Askeri disiplin koğuşundaki öldüren işkence ‘basit yaralama’ sayıldı

Kıbrıs’ta askeri disiplin koğuşunda Uğur Kantar'a işkence yaparak öldürmekten yargılanan gardiyan Recep Tekin'in yaptığı işkence 'basit yaralama' sayıldı.

Askeri disiplin koğuşundaki öldüren işkence ‘basit yaralama’ sayıldı

HABER MERKEZİ - Adını kötü muamele ve işkenceyle duyuran Askeri Disiplin Koğuşu (Disko) yine işkenceyle gündemde.

Kıbrıs’ta askerlik yaparken 'Disko' olarak adlandırılan disiplin koğuşunda gördüğü ağır işkence sonucunda 12 Ekim 2011'de hayatını kaybeden er Uğur Kantar ile 4 askere işkence yapmaktan yargılanan askeri gardiyan Recep Tekin’e verilen hapis cezasının gerekçeli kararı açıklandı.

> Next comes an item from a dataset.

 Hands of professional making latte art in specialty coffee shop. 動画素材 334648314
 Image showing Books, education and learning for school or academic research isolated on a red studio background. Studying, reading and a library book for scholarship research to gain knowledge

Kantar’ın işkence gördüğü askeri cezaevinde zorunlu askerliğini gardiyan olarak yapan Recep Tekin, terhis olduğu için hakkında askeri mahkemede açılan davada görevsizlik kararı verilerek dosyası ikamet ettiği Diyarbakır’a gönderilmişti.

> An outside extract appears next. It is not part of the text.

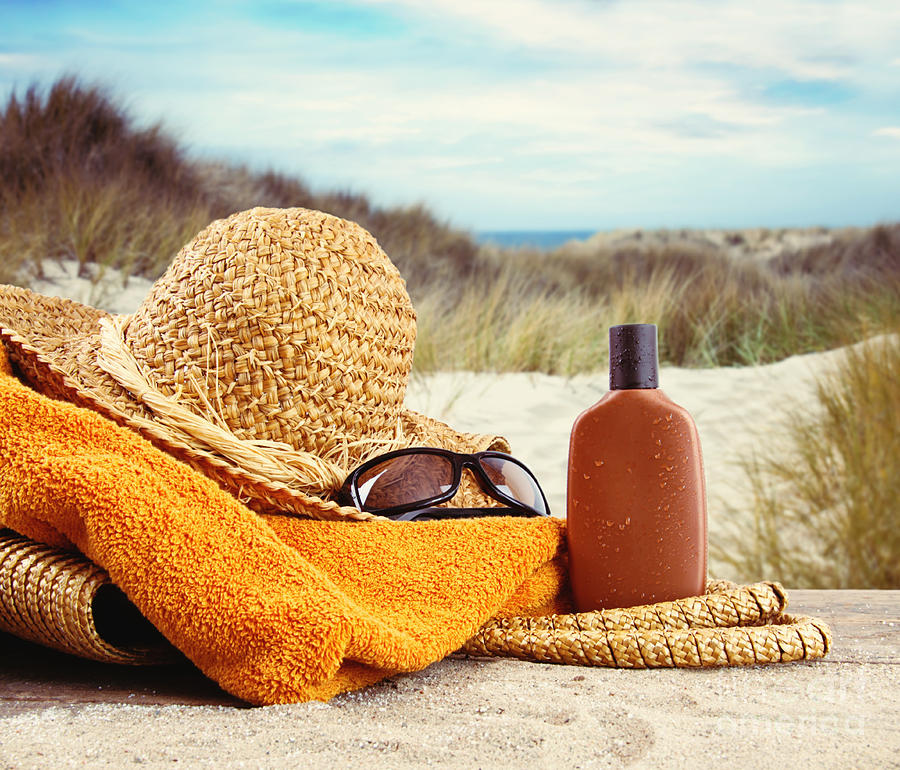 Straw hat with towel and lotion at the beach  Photograph by Sandra Cunningham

Diyarbakır 7. Ağır Ceza Mahkemesi’nde görülen davada Tekin, 'Neticesi sebebiyle ağırlaşmış işkence' ve 'Kamu görevlisinin sahip bulunduğu nüfuzu kötüye kullanılmak suretiyle kasten yaralama' suçlarından yargılanıyordu. 6 yıl süren davada, 28 Kasım 2017’de karar çıkmış, sanık Tekin’in o dönemde askeri cezaevinde olan erler İsa Büyükesen, Yusuf Kural, Enes Çelik, Kazım Kızgı ve Uğur Kantar’a yönelik 'Kasten basit yaralama' suçunu işlediği iddiasıyla toplam 3 yıl 9 ay hapis cezasına verilmişti. Mahkeme, hapis cezasının sanığın geleceği üzerindeki 'Olası uslandırıcı ihtimalini' indirim gerekçesi yaparak hapis cezasını 3 yıl 1 ay 15 güne düşürmüştü. Mahkeme, sanığın kişilik özelliklerini gerekçe göstererek hükmün açıklanmasının geriye bırakılmasına karar vermişti.

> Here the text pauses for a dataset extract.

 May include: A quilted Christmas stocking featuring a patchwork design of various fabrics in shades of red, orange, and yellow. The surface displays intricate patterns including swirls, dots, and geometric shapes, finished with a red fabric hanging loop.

ASKERİ DÖVE DÖVE ÖLDÜRDÜLER

15 sayfalık gerekçeli kararda, Kara Kuvvetleri Komutanlığı’na bağlı Kıbrıs Türk Barış Kuvvetleri Komutanlığı Askeri Savcılığının sanık Recep Tekin hakkında hazırlanan görevsizlikle mahkemeye gönderdiği iddianamede yer alan suçlamalara yer verildi. İddianamede Tekin’in, mağdur İsa Büyükesen’in kepini düzelttiği için avucunun içi ile kafasına vurduğu, imzasını taşırdığı için aynı gün yine avuç içi ile mağdurun kafasına vurduğu, mağdur Kazım Kızgı’yı tekme ve tokatla döverek yaraladığı, yine spor yapmadığı gerekçesi ile kafasına ve göğsüne vurduğu belirtildi. Sanığın, 4 gün boyunca mağdur Yusuf Kural’a yatağı bozuk olduğu ve sakal tıraşı olmadığı gerekçesiyle tokat atarak yaraladığı, mağdur Enes Çelik’in kafasına iki defa sebepsiz yere vurduğu kaydedildi. Sanığın, Uğur Kantar’a yönelik farklı zamanlarda sabah sporunda hareketleri tam yapmadığı gerekçesi ile avuç içi ile alnına ve ensesine vurduğu, sabit durma cezası adı altında esas duruşta beklettiği ve kımıldadığı gerekçesi ile mağdura tekme ve tokat vurmak ile suçlandığı belirtildi.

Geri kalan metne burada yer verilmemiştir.